- Hurricane Deck Location of Hurricane Deck in Missouri
- Coordinates: 38°07′54″N 92°47′38″W﻿ / ﻿38.13167°N 92.79389°W
- Country: United States
- State: Missouri
- County: Camden

= Hurricane Deck, Missouri =

Unincorporated community in Missouri, U.S.

Hurricane Deck is an unincorporated community in Camden County, Missouri, United States, on the Lake of the Ozarks. It is part of the lake's resort area, and according to one source is named for a tornado which struck the area, tornadoes once being called "hurricanes" locally.

According to lakehistory.info, Hurricane Deck derives its name from the nautical name for the top deck of a river steamship, which is called a "Hurricane Deck" because the wind always blew up there. There is a high ridge at the location on the lake.

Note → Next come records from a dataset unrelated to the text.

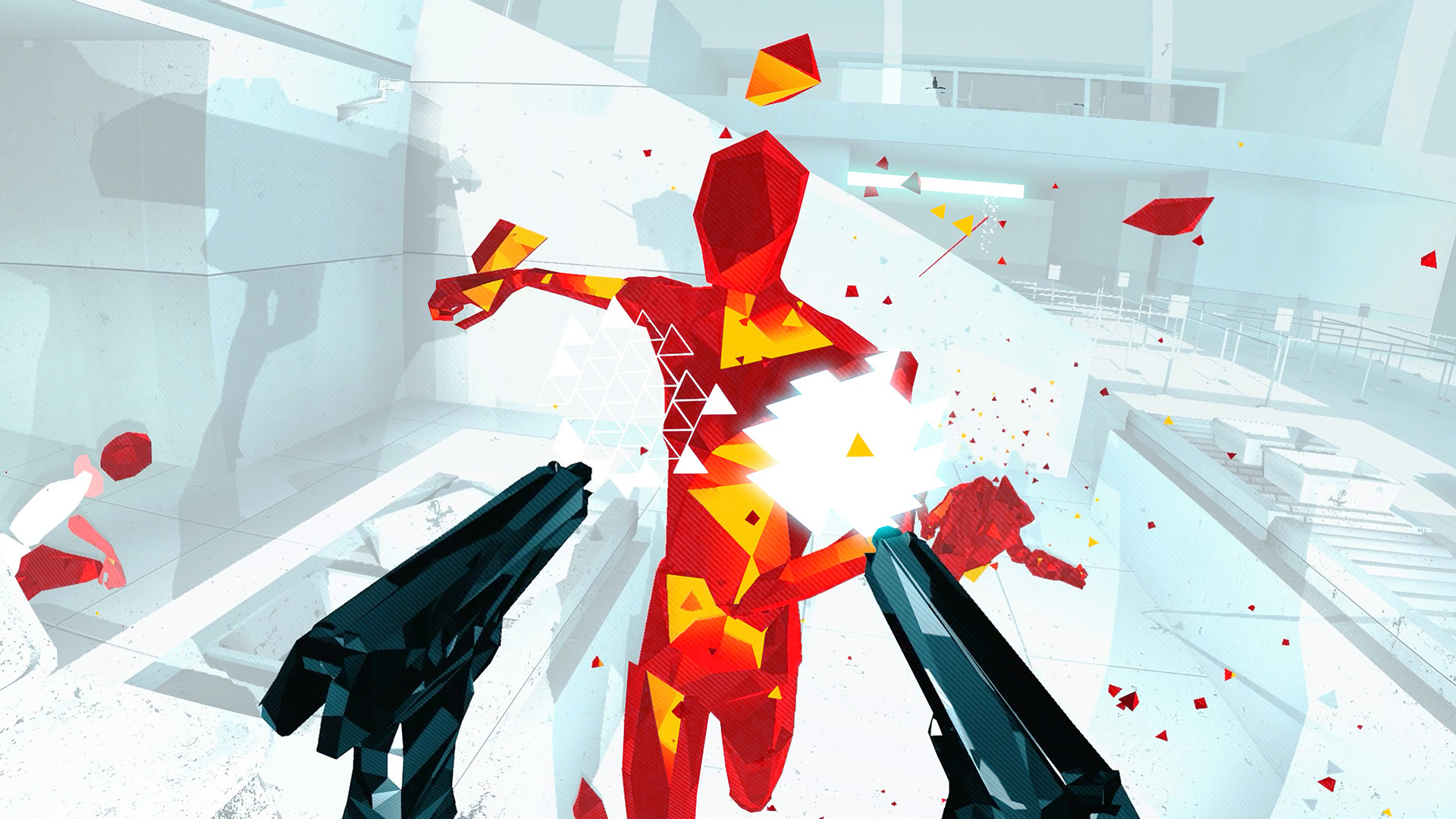 Скриншот из игры SUPERHOT VR - 16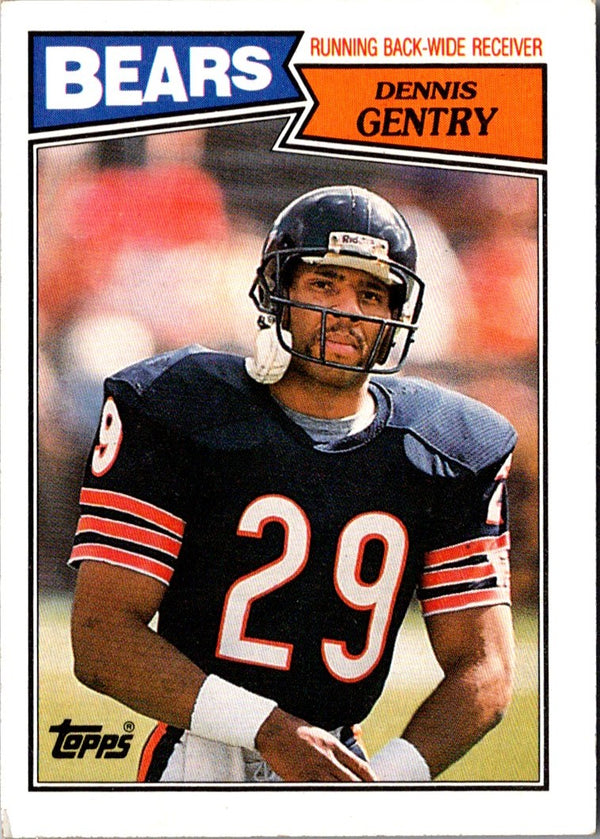 1987 Topps Dennis Gentry #49 Rookie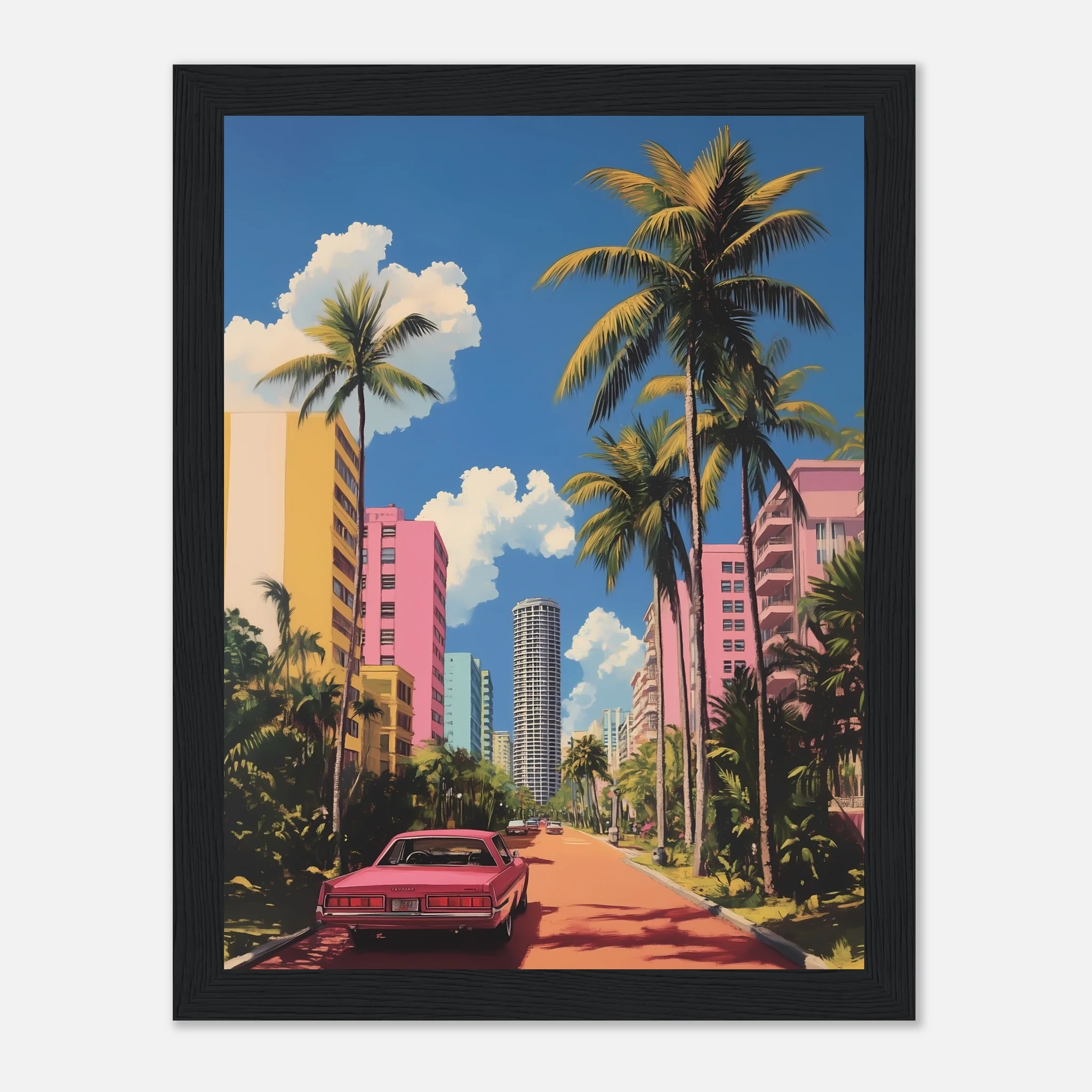 Pink Ride Through Paradise - Image 12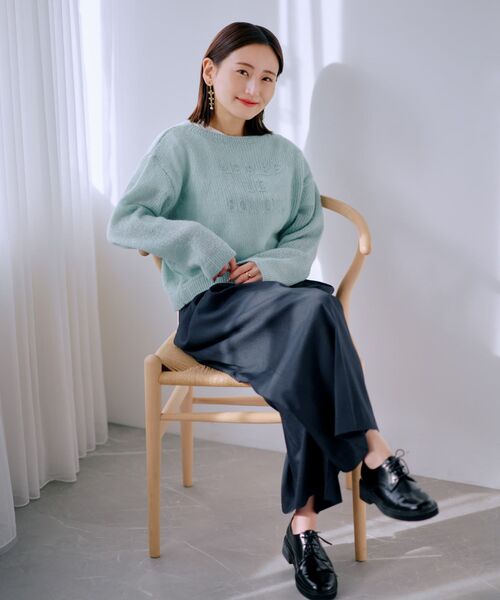 COHINA(コヒナ)の「アシメタックグルカパンツ 【低身長・小柄女性】(その他パンツ・レディース・グレー/ネイビー/グリーン・S-Short/XS-Short/S-Regular/XS-Regular)」の8枚目の写真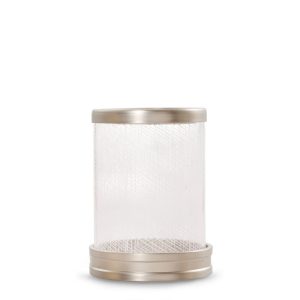 Silver Lining Tea Light Candle Holder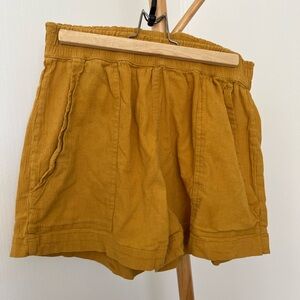 Oddbird Marigold Pilaj Lounge Shorts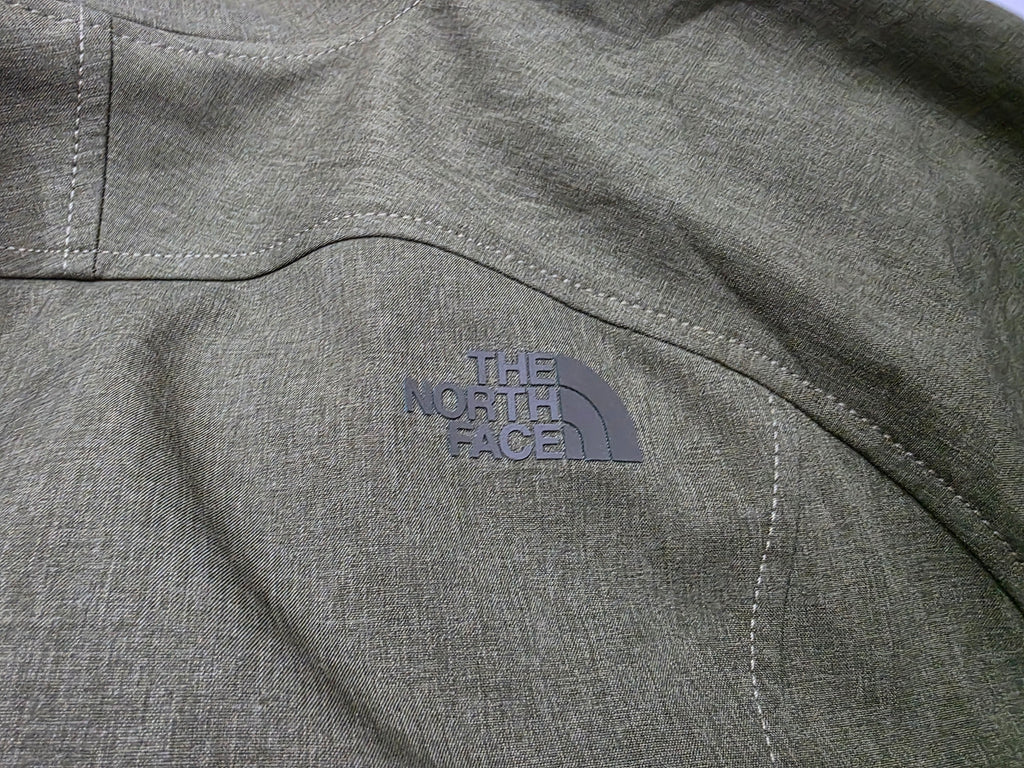 The North Face Chamarra Softshell Verde Olivo Mujer Xl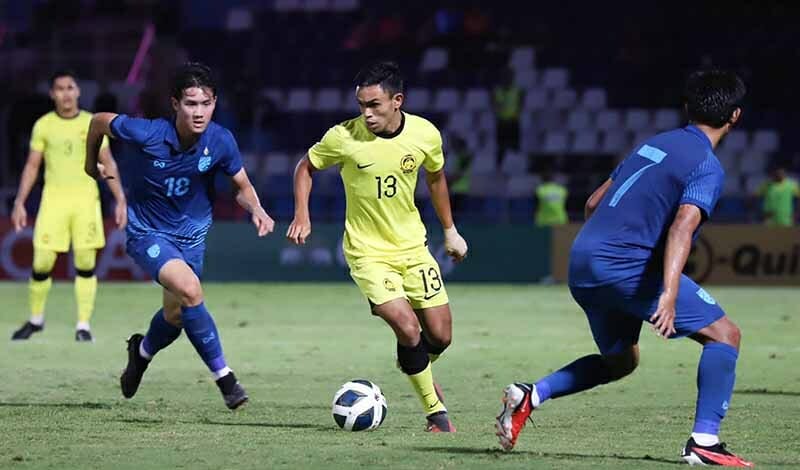 Kết quả bóng đá U23 Thái Lan vs U23 Malaysia: Đôi công cởi mở, chiến thắng sát sao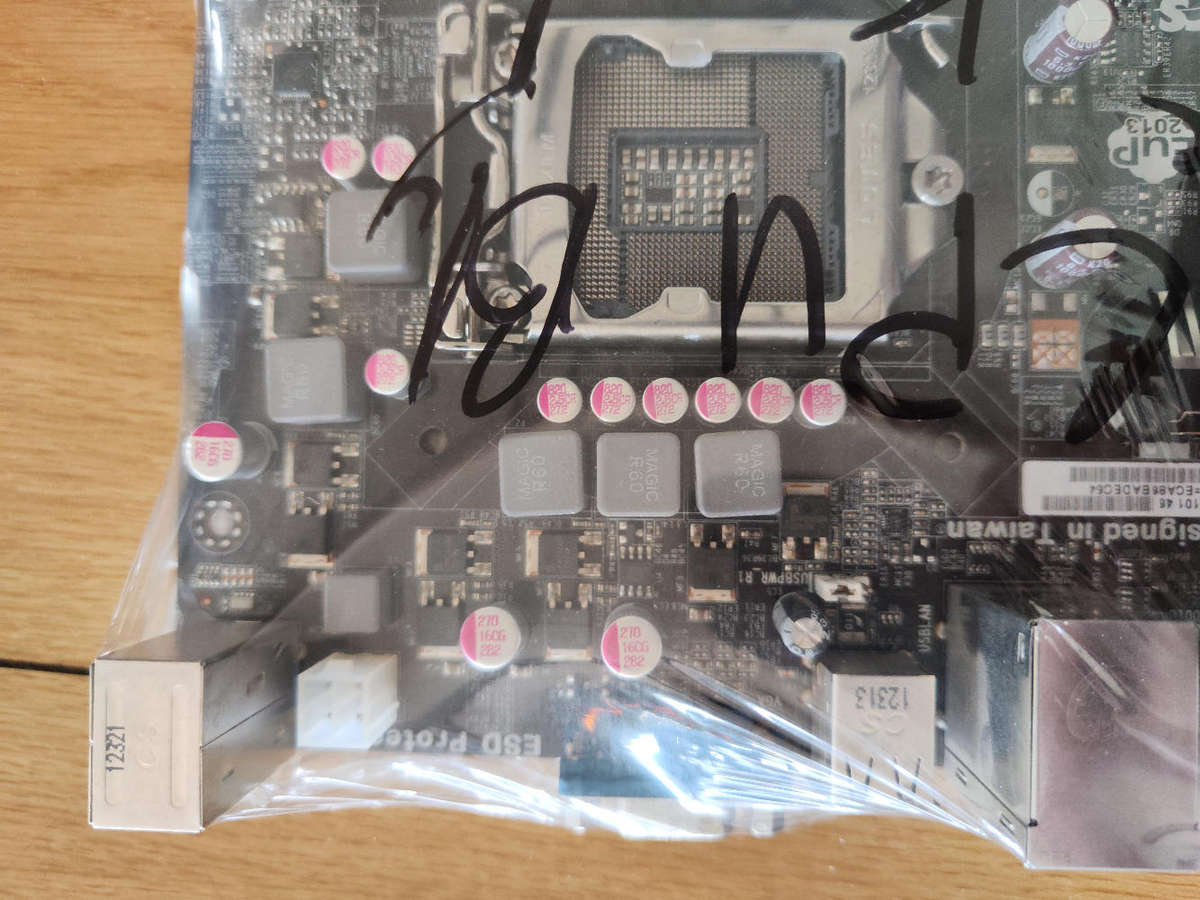 ECS H61H2-M12 2nd/3rd gen Motherboard**Parts or repair**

One of the most distinctive bridges in the Lake of the Ozarks was the Hurricane Deck Bridge, which carried Route 5 across the Osage Arm of the lake. The bridge, which was completed in 1936, was one of three "upside-down" bridges where its truss support is below the road deck, enabling passengers in cars to see the lake. The bridge's design is similar to the I-35W Mississippi River bridge that collapsed in Minneapolis, Minnesota in 2007 (although the Hurricane Deck Bridge's main span was actually longer—462 feet vs. 458 feet—and the Hurricane Deck had piers in the water while the Minnesota bridge spanned both sides of the Mississippi). The other two bridges—the Grand Glaize Bridge over the Grand Glaize Arm and the Niangua Bridge over the Niangua Arm have since been torn down and replaced by girder bridges.